# The problem:
Once you find the line with "Arthropoda 1 PDF" in the listing below, set down exactly every line from it through the line with "iphone 13 pro max续航测试小白测评", but no pictures.

# Recorded information:
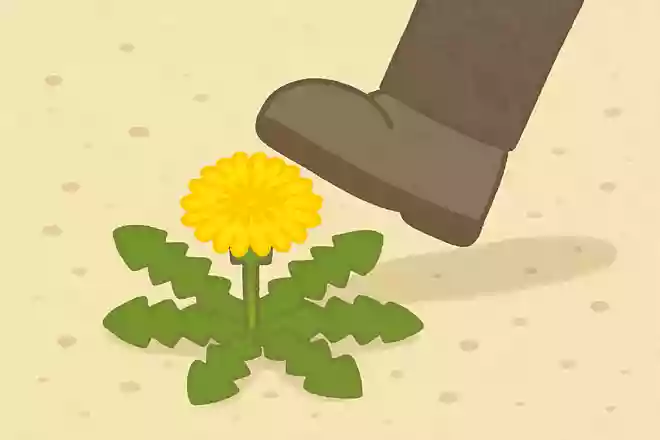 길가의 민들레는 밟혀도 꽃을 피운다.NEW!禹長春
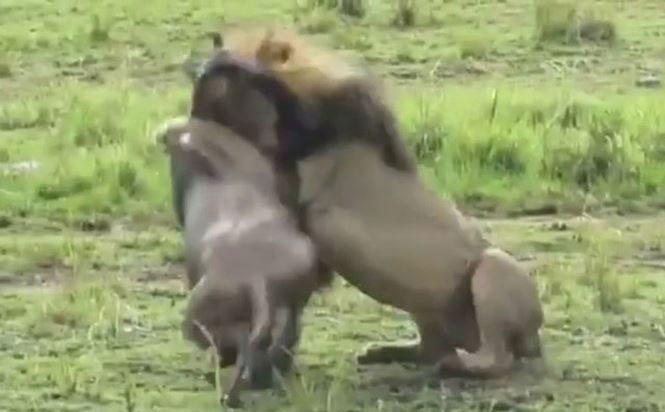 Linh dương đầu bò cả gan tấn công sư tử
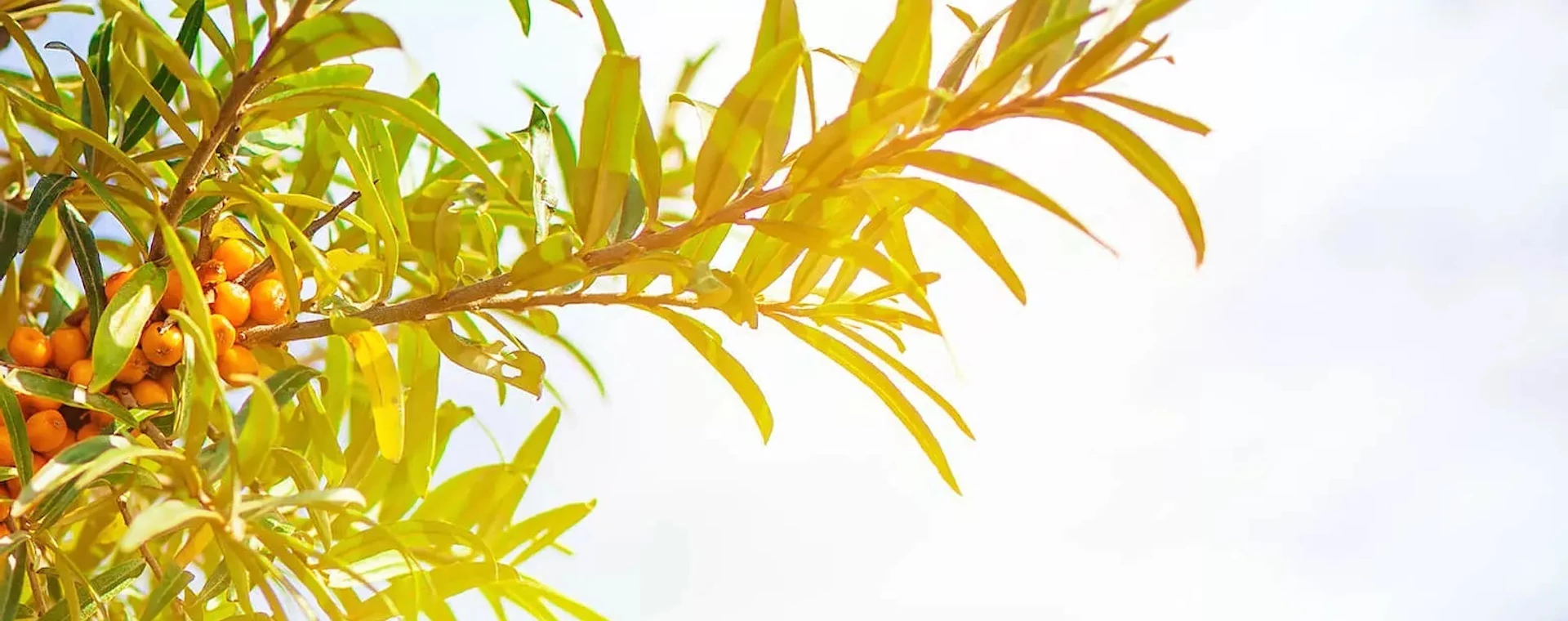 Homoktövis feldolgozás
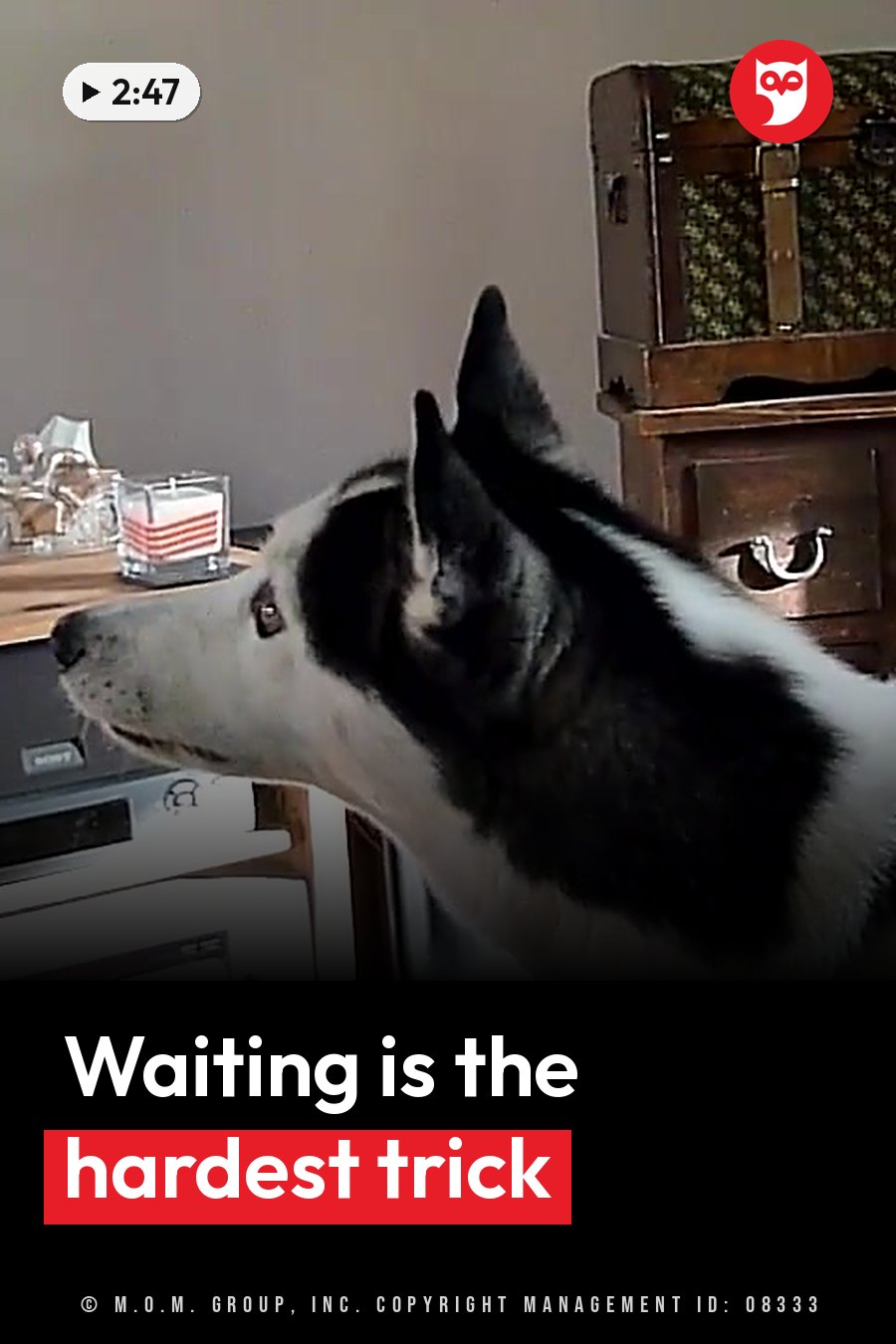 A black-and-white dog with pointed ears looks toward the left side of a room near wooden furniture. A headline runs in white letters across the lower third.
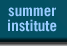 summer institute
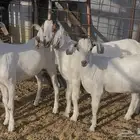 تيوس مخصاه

==

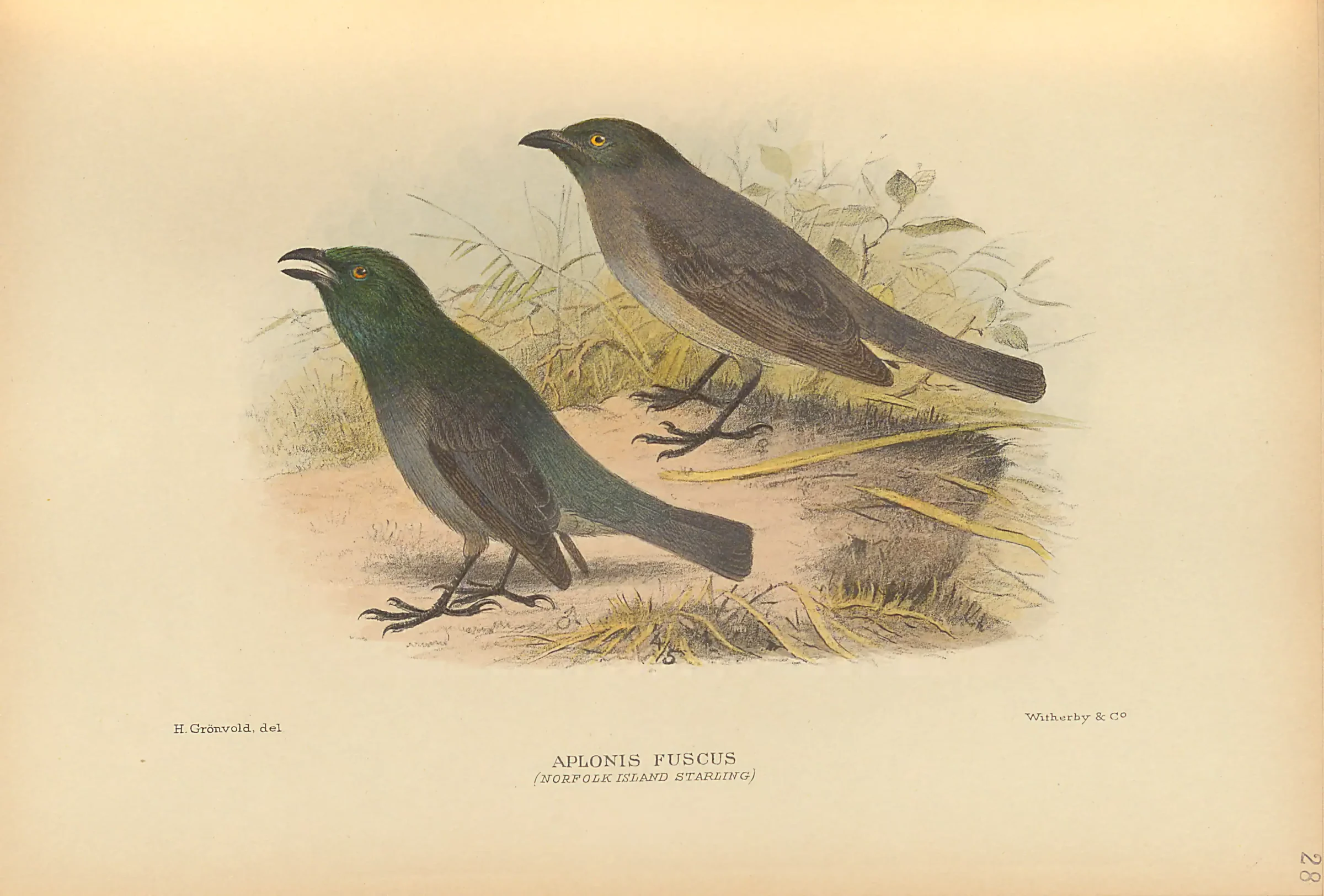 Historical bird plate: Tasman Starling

* * *

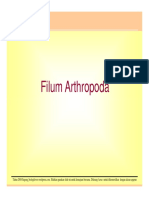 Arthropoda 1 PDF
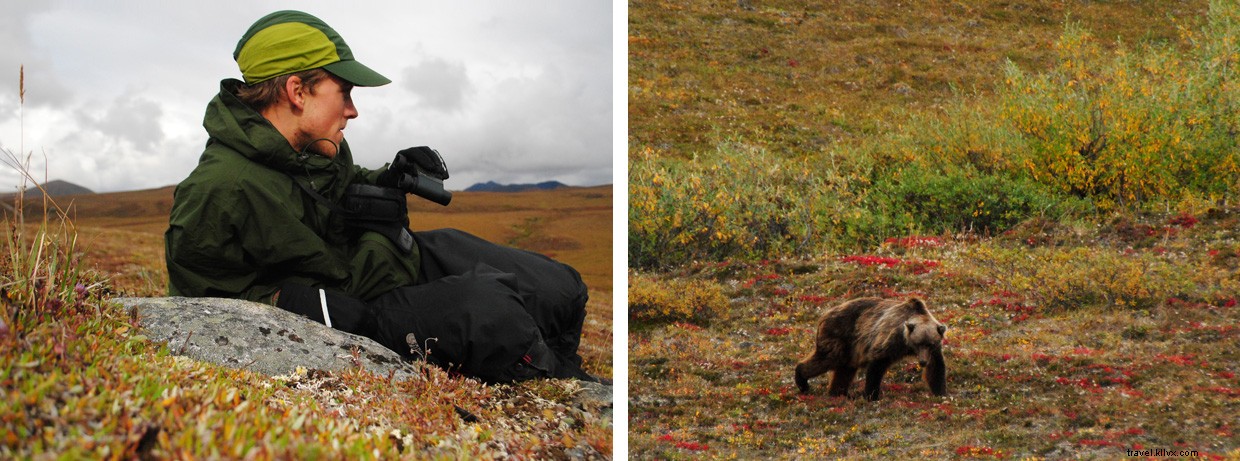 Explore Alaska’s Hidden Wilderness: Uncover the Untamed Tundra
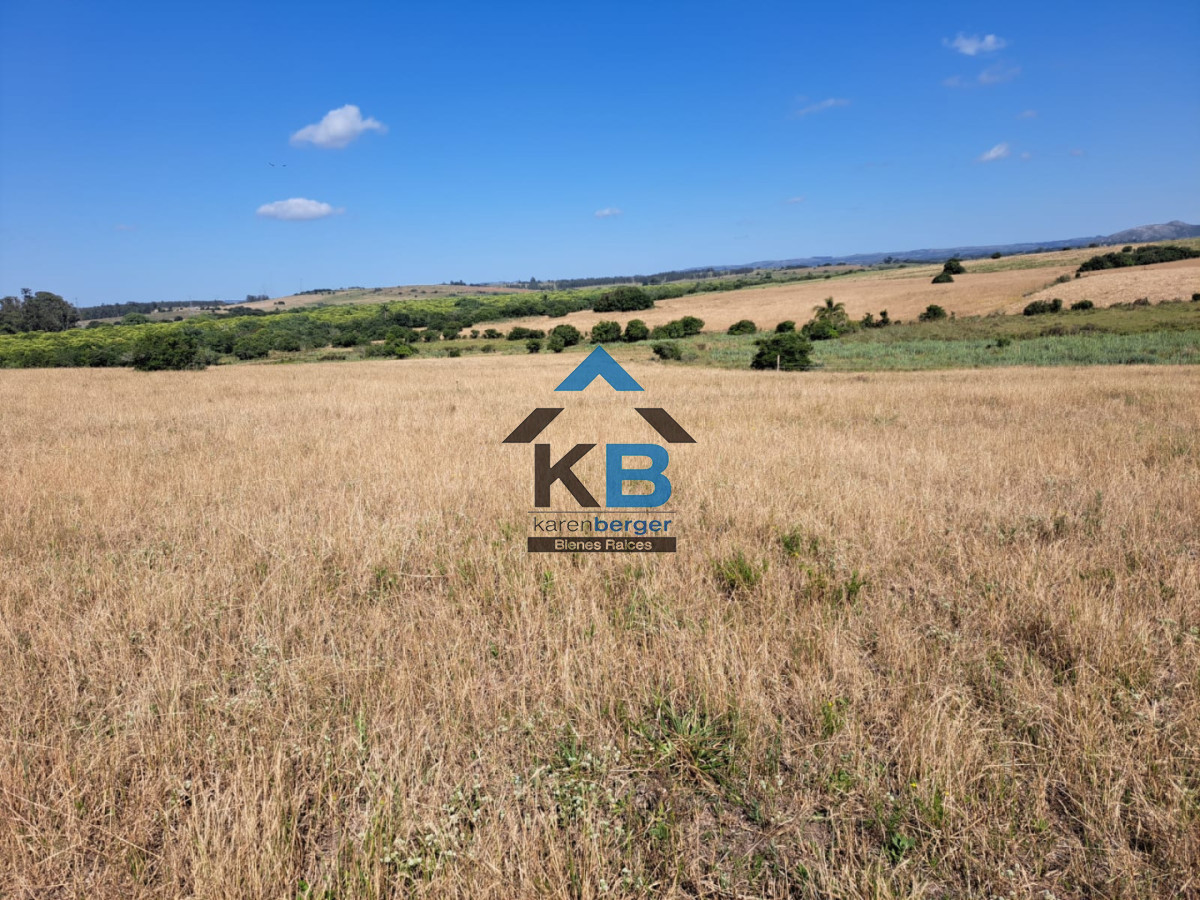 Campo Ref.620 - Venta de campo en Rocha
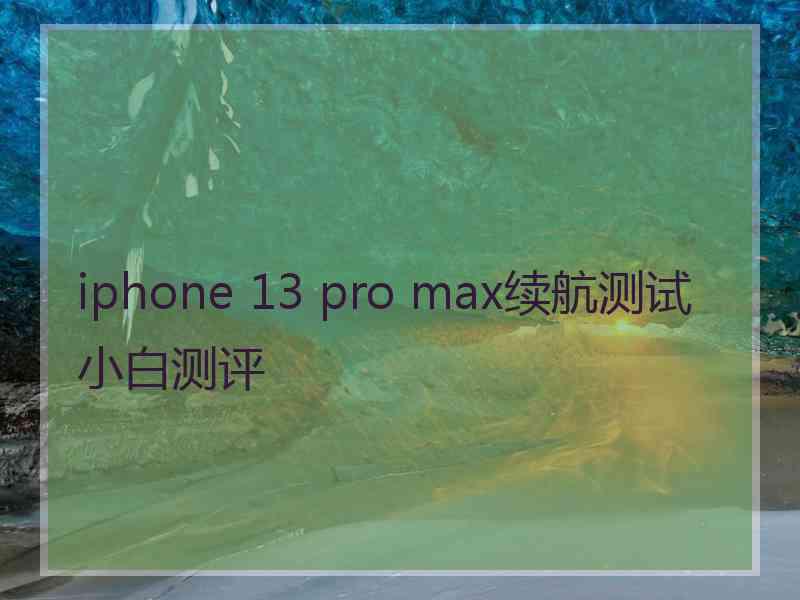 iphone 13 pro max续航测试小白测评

# Response area:
 Arthropoda 1 PDF
 Explore Alaska’s Hidden Wilderness: Uncover the Untamed Tundra
 Campo Ref.620 - Venta de campo en Rocha
 iphone 13 pro max续航测试小白测评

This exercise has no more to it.